Regardless, what has discretion meant, and what should it mean to a leader as enabler?

First, discretion has meant a low-key, low-identity input on policy matters with the open capacity to make decisions for the public good as part of an institutional stream of excellence. That sounds like John Rohr...

What influences me from classical administrative discretion is the downplay of identity, a hallmark of the British Civil Service. The idea is this: One graduates from a fine institution, say, Cambridge, and then one serves politicians...quietly. As parties change in office, the civil service politely and obediently stays behind guiding the stability and quality of the institutional government. This can work well, and the UK is the paragon in many respects. I am honored to be part of its extended family. The old British comedy, Yes, Minister! satirizes this way of institutional operation and some of its foibles.

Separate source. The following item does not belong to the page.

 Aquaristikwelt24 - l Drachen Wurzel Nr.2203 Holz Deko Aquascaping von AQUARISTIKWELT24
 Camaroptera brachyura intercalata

Now, what should discretion mean? As institutions melt we cannot rely on networks with the past to provide sustenance. Instead, we must look to discretion as a turn toward its identity-reducing aspect as the emergent primary classical influence. That is, I am not the institution and the institution is not me. Where I have gone to school is less important than who I help. I am an enabler...not out for myself but rather in service to the good. The minister melts away (never entirely...gracious me!) not leaving a bureaucratic state, but a melted set of proto-organizations where leaders must continually explore the darkness for the prospect of doing the right government, in policy networks, in civil society, in business, in life. Divisions fade. Life becomes a holistic moral enterprise about learning and connecting anew--not leveraging old links for power or agenda pushing.

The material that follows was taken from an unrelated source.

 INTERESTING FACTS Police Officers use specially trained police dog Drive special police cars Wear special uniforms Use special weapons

What passes for good is each leader's moral challenge. What the leader enables is always linked to the dilemma of whether one's aid is helping in some impossible and final holistic analysis. Where I fail is certainty and agenda. Each decision of the new leader is a network decision...contextual, painful, uncertain and focused on the good and sustainable. Such enabling is inextricably linked to learning.

The first moral question

I am increasingly of a mind that the first moral question (and we need to stop feeling twitchy about using the word moral) is as follows: What can be sustainable?

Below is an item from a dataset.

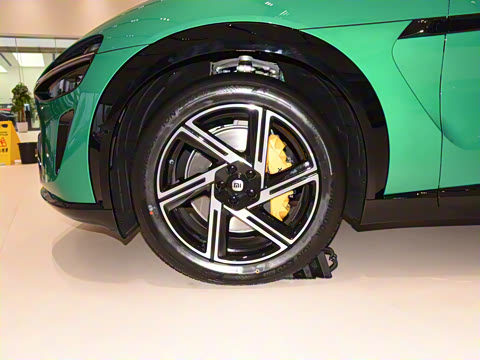 2025�� ��������������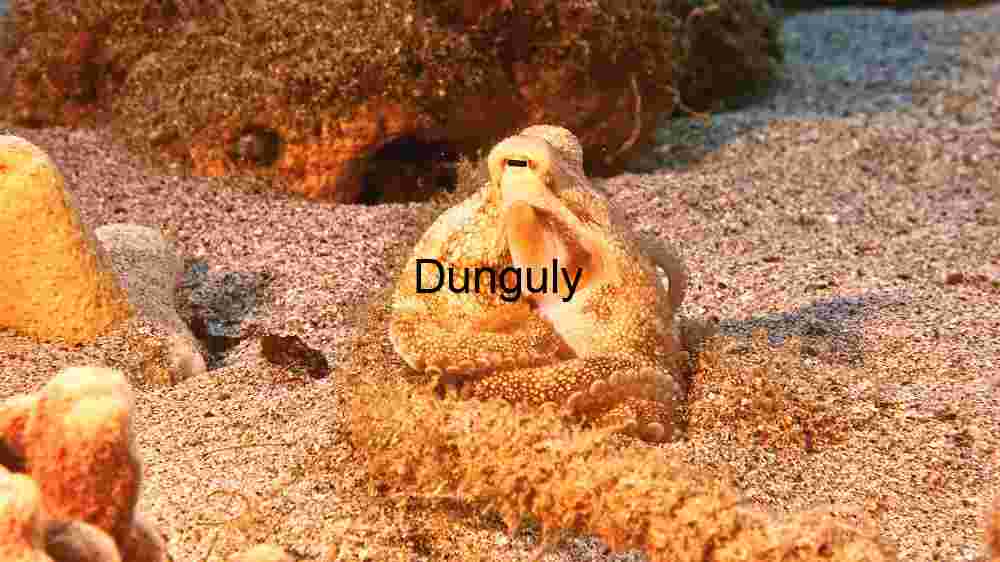 Underwater Marvel: The Octopus in Its Natural Habitat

This of course begs the question of what is meant by sustainable. In my view, leading entails morality and morality entails ecological thinking. One must think of modes that can survive ebbs and flows but that also recognize wanton destruction of future options is inherently unacceptable.

In the past, morality was about the stability of structure. That is equally unacceptable. What passes for sustainability is not the preservation of human cultures just because. If we are to preserve anything it must be the natural.

Preserving is more action than leadership. But preserving is also enabling of a sort. That point requires more careful thought.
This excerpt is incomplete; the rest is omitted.